[EXTRACTED INFORMATION — start]

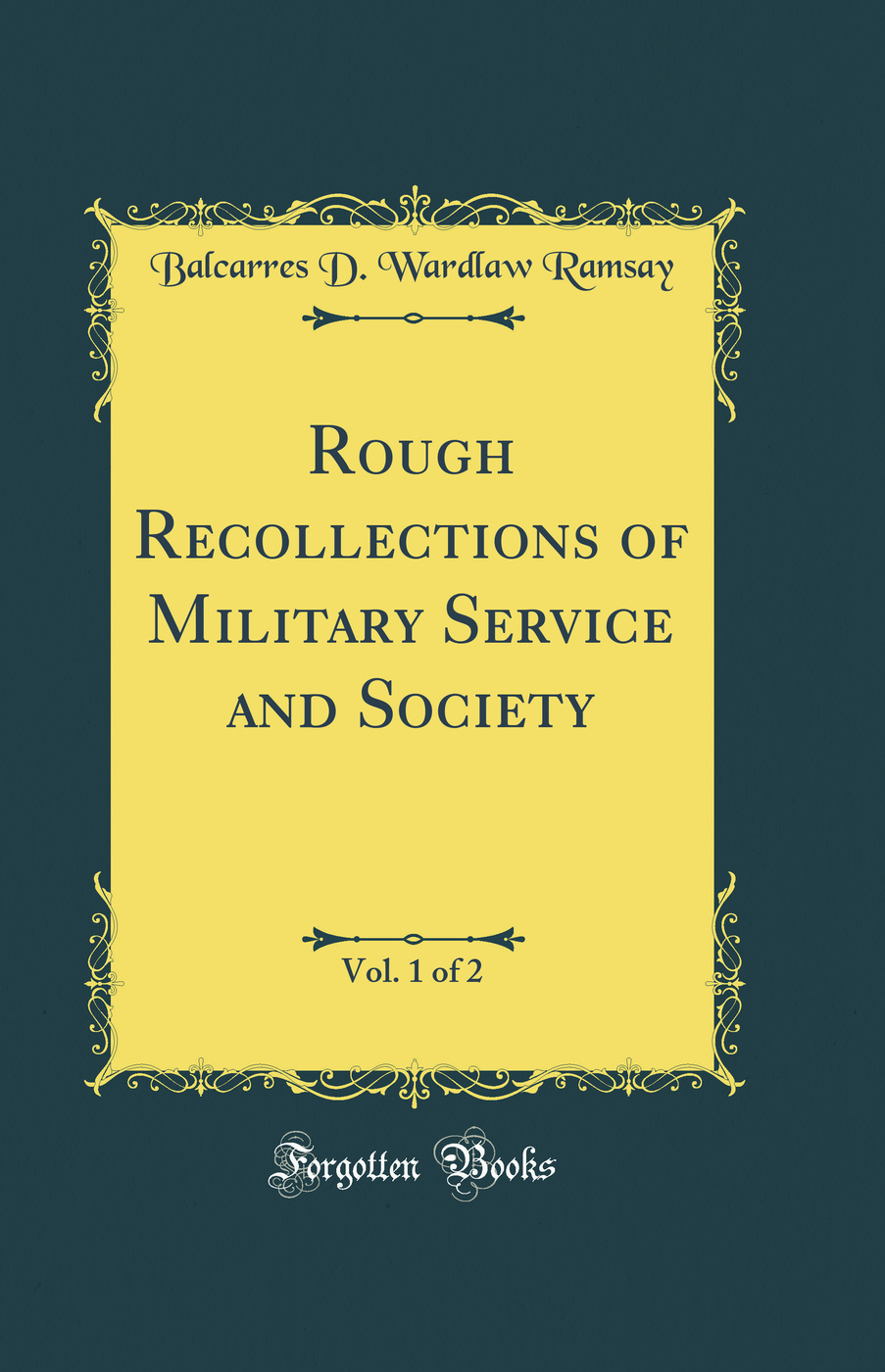 Rough Recollections of Military Service and Society, Vol. 1 of 2 (Classic Reprint)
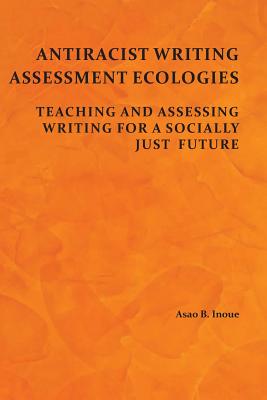 Antiracist Writing Assessment Ecologies: Teaching and Assessing Writing for a Socially Just Future - Inoue, Asao B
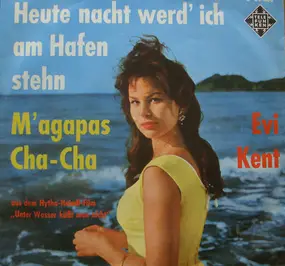 Evi Kent - Heut Nacht Werd' Ich Am Hafen Steh'n / M'agapas Cha-Cha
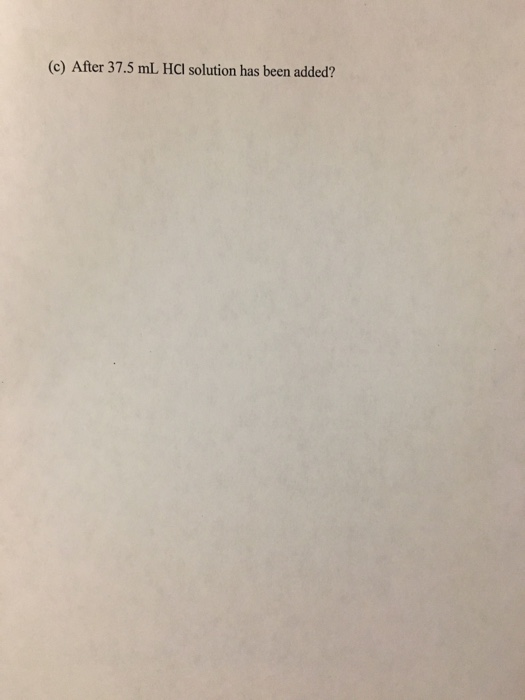 (c) After 37.5 mL HCl solution has been added?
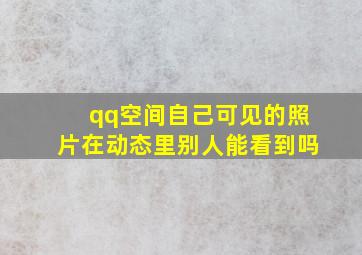 qq空间自己可见的照片在动态里别人能看到吗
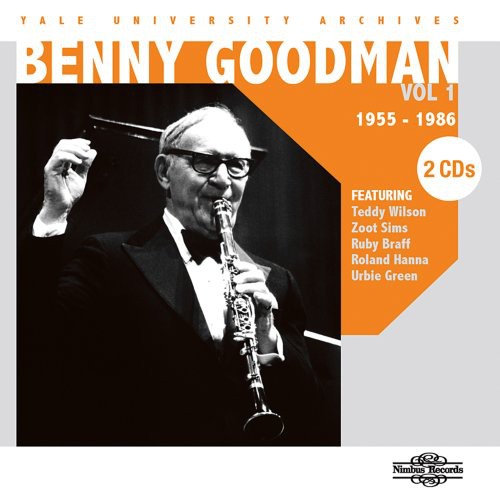 Benny Goodman: Yale University Archives, Vol. 1 - 1955-1986 [Slim Pack] - COMPACT DISCS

[EXTRACTED INFORMATION — finish]

Each line from the line containing "(c) After 37.5" through the last line above must be written out exactly, and every picture must be omitted.

 (c) After 37.5 mL HCl solution has been added?
 qq空间自己可见的照片在动态里别人能看到吗
 Benny Goodman: Yale University Archives, Vol. 1 - 1955-1986 [Slim Pack] - COMPACT DISCS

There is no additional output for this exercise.